Какое невыносимое бессилие! Но пусть бы уж он по крайней мере оставался верен себе. Пусть бы принял раз навсегда определенное решение и нес бы потом свою ношу. Но в ответ на его «загадочные» слова Шатов возражает ему: «Не шутили! В Америке я лежал три месяца на соломе, рядом с одним… несчастным, и узнал от него, что в то же самое время, когда вы насаждали в моем сердце Бога и родину… вы отравили сердце этого несчастного, этого маньяка, Кириллова, ядом…»
О том, какими скрытыми соображениями диктуется эксперимент, свидетельствует вопрос Ставрогина, сформулированный вначале в якобы шутливой форме, а затем, после протеста Шатова, «другими словами»:
«— Извольте, другими, — сурово посмотрел на него Николай Всеволодович, — я хотел лишь узнать: веруете вы сами в Бога или нет?
Я верую в Россию, я верую в ее православие… Я верую в тело Христово… Я верую, что новое пришествие совершится в России… Я верую… — залепетал в исступлении Шатов.
А в Бога? В Бога?
Я… я буду веровать в Бога.
Ни один мускул не двинулся в лице Ставрогина. Шатов пламенно, с вызовом смотрел на него, точно сжечь хотел его своим взглядом.
Я ведь не сказал же вам, что я не верую вовсе! — вскрычал он наконец, — я только лишь знать даю, что я несчастная, скучная книга и более ничего покамест, покамест… Но погибай мое имя! Дело в вас, а не во мне… Я человек без таланта и могу только отдать свою кровь и ничего больше, как всякий человек без таланта. Погибай же и моя кровь! Я об вас говорю, я вас два года здесь ожидал… Я для вас теперь полчаса пляшу нагишом. Вы, вы одни могли бы поднять это знамя!»
Ставрогин видит, что эксперимент не удался. Шатов не верует. Его устами говорит лишь идеология бессильного фанатизма. Правда, вскоре после этого он обретет веру, — когда к нему вернется его жена, брошенная Ставрогиным и носящая под сердцем его ребенка. Именно тогда сердце его смягчится чудом рождения. И тогда — за минуту до конца — в нем вдруг возникнет истинная вера.
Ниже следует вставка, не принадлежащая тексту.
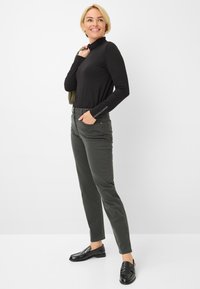 Maglione a collo alto nero a maniche lunghe, pantaloni slim-fit verde oliva e mocassini neri, caratterizzati da dettagli minimi e una superficie liscia.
Во время тех странных провокаций, о которых говорилось выше, Ставрогин занимает более агрессивную позицию, вызывающую еще больше тревоги. То, что он без всякого повода ухватил за нос безобидного Гаганова, отреагировав таким образом всего-навсего на его любимое присловье, или то, что он кусает за ухо губернатора, — все это несомненно патологического происхождения; недаром сразу же вслед за этим он заболевает белой горячкой. Однако здесь присутствует и некий смысл. Это чувствует Липутин, когда утверждает, что Ставрогин был в полном рассудке. Да этот последний и сам воспринимает свое «помешательство» неоднозначно. То он рассчитывает, что его сочтут сумасшедшим, то утверждает — в беседе с архиереем Тихоном, — что его репутация помешанного очень ему вредит; следовательно, он чувствует, что ему надлежало бы оставаться на этических позициях, в то время как предположительная патология его состояния снимает с него всякую ответственность и отдает его во власть импульса.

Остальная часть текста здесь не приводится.